- Problem requirements -
A faithful, complete copy of the entries below is required, with images removed.

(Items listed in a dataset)
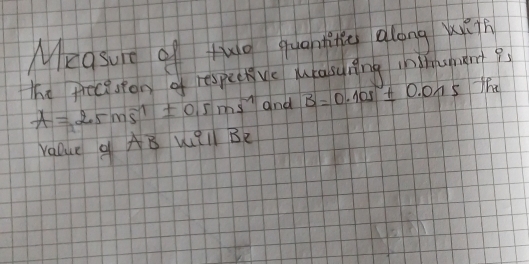 Measure of twg quanting along wiin 
The frecespon of respectve Masurng inihoment9
A=2.5ms^(-1)± 0.5ms^(-1) and B=0.105± 0.015 She 
Value g AB W'll Be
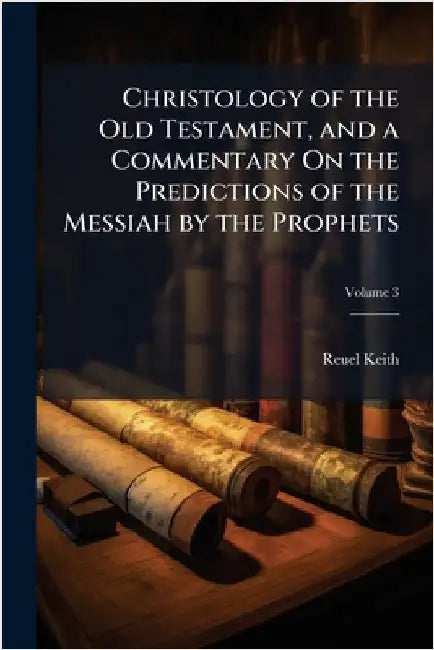 Christology of the Old Testament, and a Commentary On the Predictions of the Messiah by the Prophets by Reuel Keith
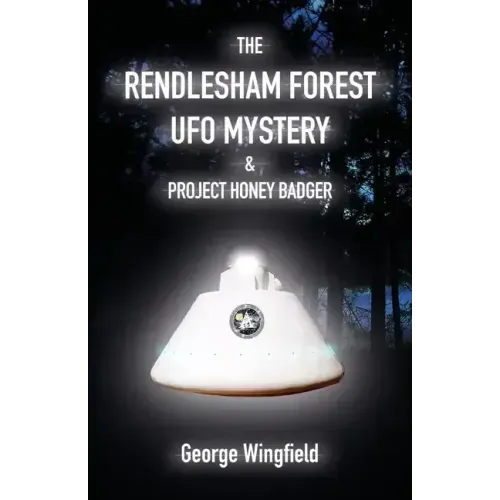 The Rendlesham Forest UFO Mystery & Project Honey Badger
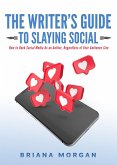 The Writer's Guide to Slaying Social (eBook, ePUB)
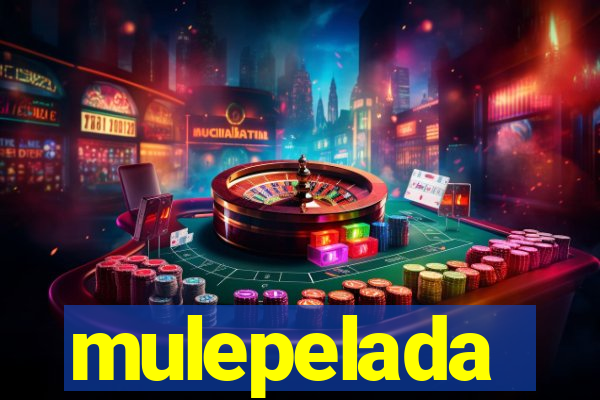 mulepelada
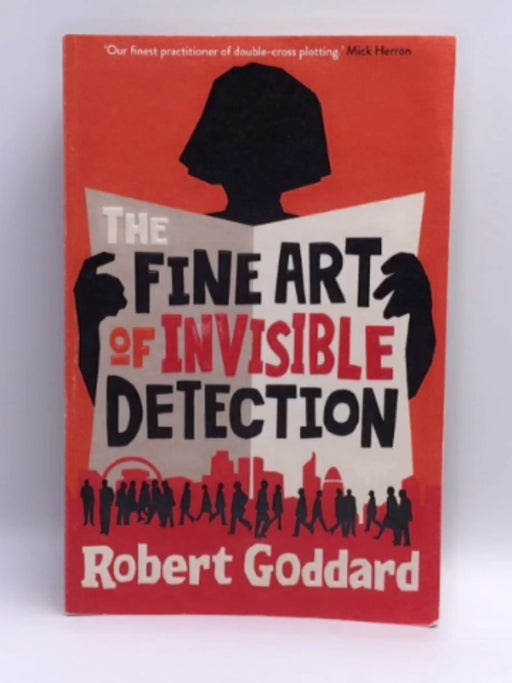The Fine Art of Invisible Detection - Robert Goddard; 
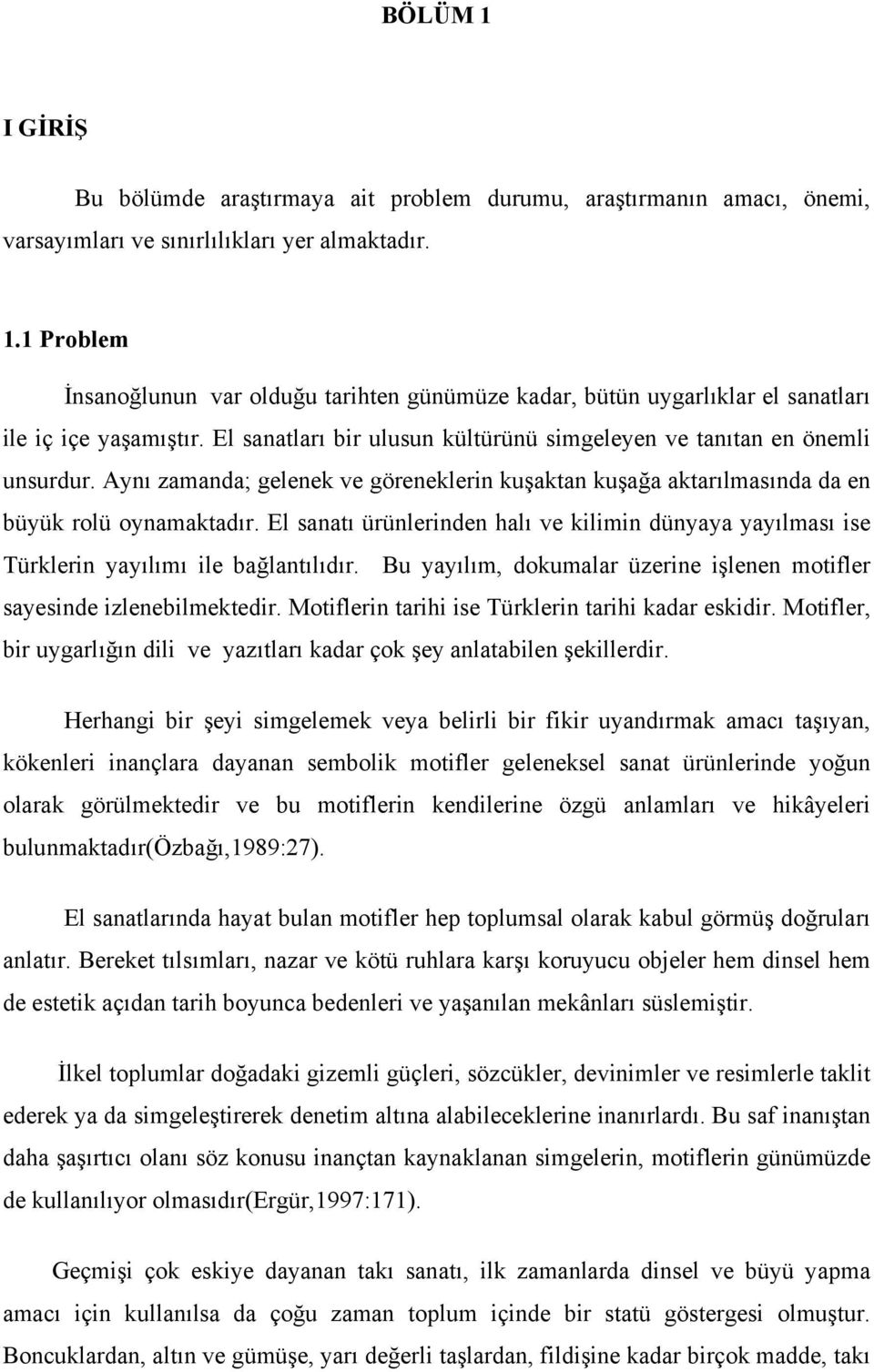 El sanatı ürünlerinden halı ve kilimin dünyaya yayılması ise Türklerin yayılımı ile bağlantılıdır. Bu yayılım, dokumalar üzerine işlenen motifler sayesinde izlenebilmektedir.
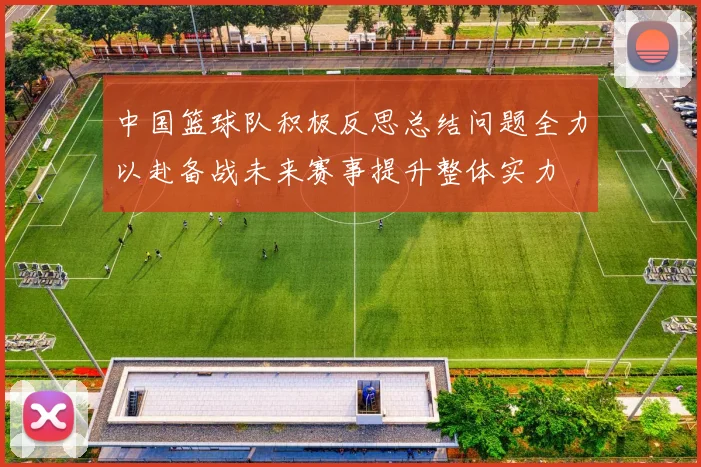 中国篮球队积极反思总结问题全力以赴备战未来赛事提升整体实力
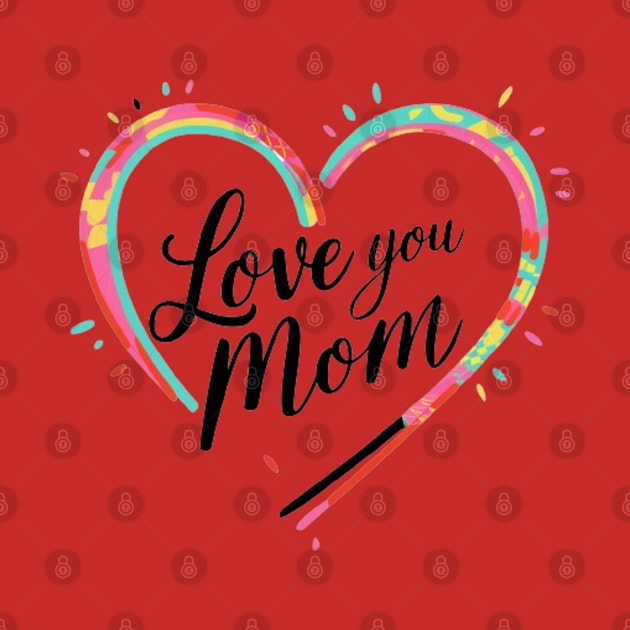 Love you Mom - Mothers day gift by CozyNest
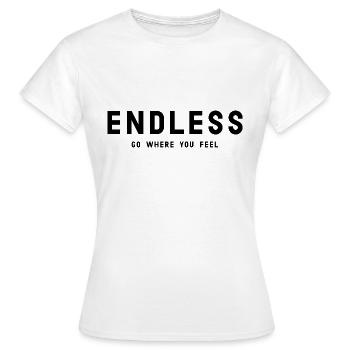 ENDLOS Geh dorthin, wo du dich fühlst - Frauen T-Shirt - Weiß - Vorne - AI Model Female 172 dark (172cm)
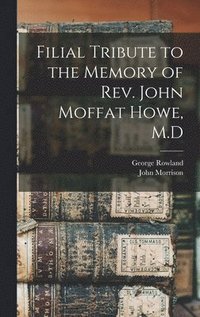 bokomslag Filial Tribute to the Memory of Rev. John Moffat Howe, M.D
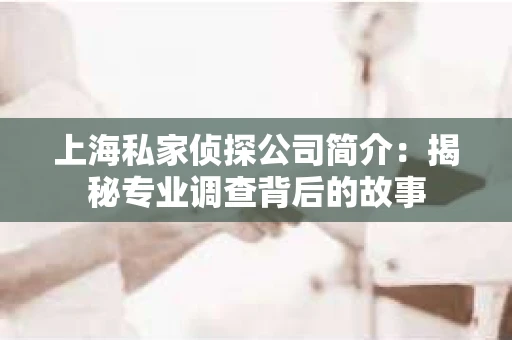上海私家侦探公司简介：揭秘专业调查背后的故事
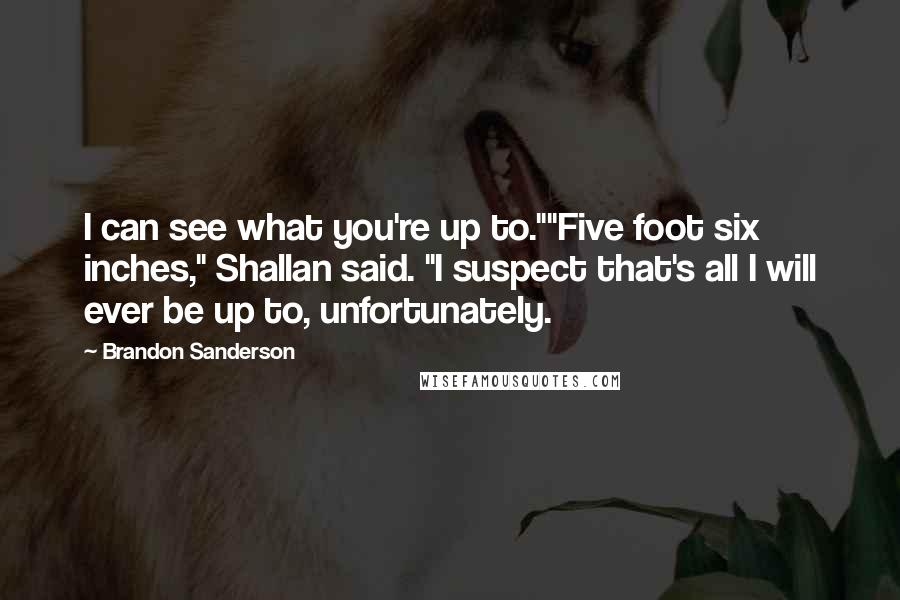 Brandon Sanderson Quotes: I can see what you're up to.""Five foot six inches," Shallan said. "I suspect that's all I will ever be up to, unfortunately.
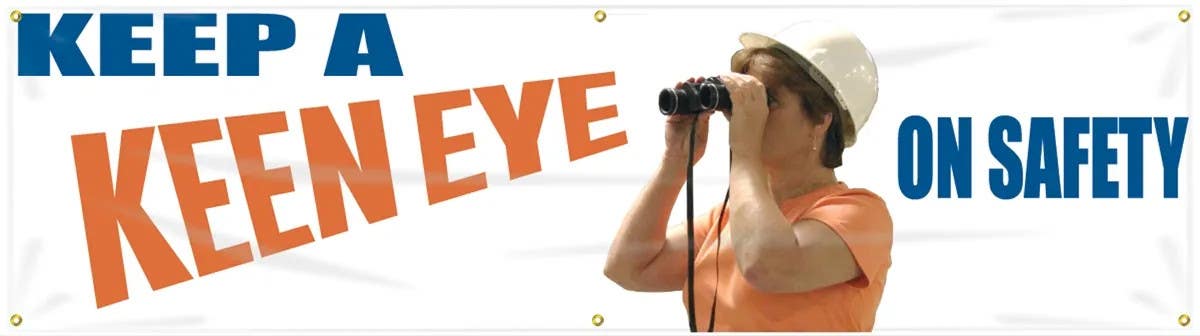 AccuformNMC MBR856 Safety Banners, Keep A Keen Eye On Safety, 28" H x 8' W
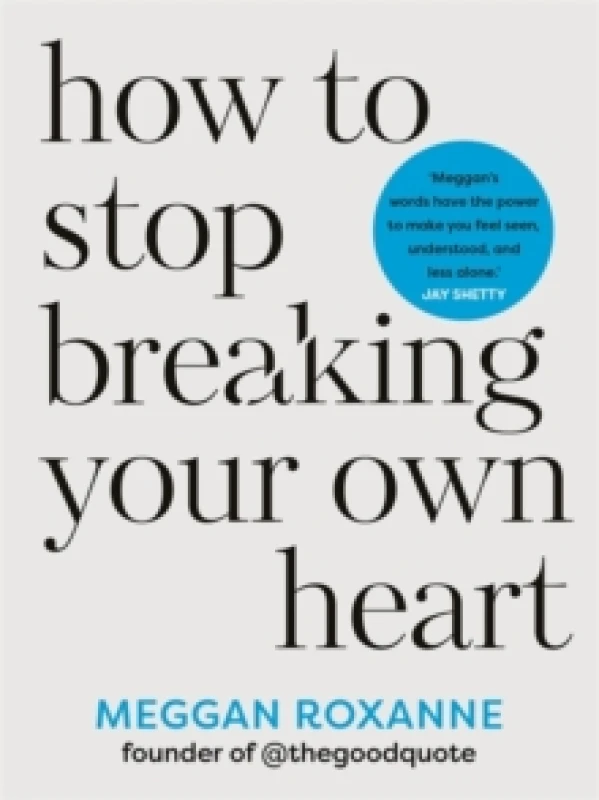 Image of How to Stop Breaking Your Own Heart : THE SUNDAY TIMES BESTSELLER. Stop People-Pleasing, Set Boundaries, and Heal from Self-Sabotage Paperback / softb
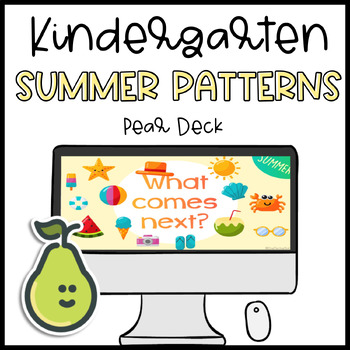 Preview of Pear Deck™ Kindergarten/Preschool/1st Grade Patterns Activity Distance Learning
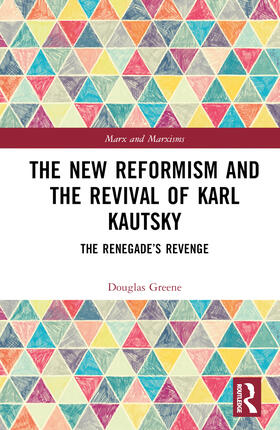 Greene, D: New Reformism and the Revival of Karl Kautsky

- Response to this task -
 Measure of twg quanting along wiin 
The frecespon of respectve Masurng inihoment9
A=2.5ms^(-1)± 0.5ms^(-1) and B=0.105± 0.015 She 
Value g AB W'll Be
 Christology of the Old Testament, and a Commentary On the Predictions of the Messiah by the Prophets by Reuel Keith
 The Rendlesham Forest UFO Mystery & Project Honey Badger
 The Writer's Guide to Slaying Social (eBook, ePUB)
 mulepelada
The Fine Art of Invisible Detection - Robert Goddard; 
 El sanatı ürünlerinden halı ve kilimin dünyaya yayılması ise Türklerin yayılımı ile bağlantılıdır. Bu yayılım, dokumalar üzerine işlenen motifler sayesinde izlenebilmektedir.
 中国篮球队积极反思总结问题全力以赴备战未来赛事提升整体实力
 Love you Mom - Mothers day gift by CozyNest
 ENDLOS Geh dorthin, wo du dich fühlst - Frauen T-Shirt - Weiß - Vorne - AI Model Female 172 dark (172cm)
 bokomslag Filial Tribute to the Memory of Rev. John Moffat Howe, M.D
上海私家侦探公司简介：揭秘专业调查背后的故事
 Brandon Sanderson Quotes: I can see what you're up to.""Five foot six inches," Shallan said. "I suspect that's all I will ever be up to, unfortunately.
 AccuformNMC MBR856 Safety Banners, Keep A Keen Eye On Safety, 28" H x 8' W
 Image of How to Stop Breaking Your Own Heart : THE SUNDAY TIMES BESTSELLER. Stop People-Pleasing, Set Boundaries, and Heal from Self-Sabotage Paperback / softb
 Preview of Pear Deck™ Kindergarten/Preschool/1st Grade Patterns Activity Distance Learning
 Greene, D: New Reformism and the Revival of Karl Kautsky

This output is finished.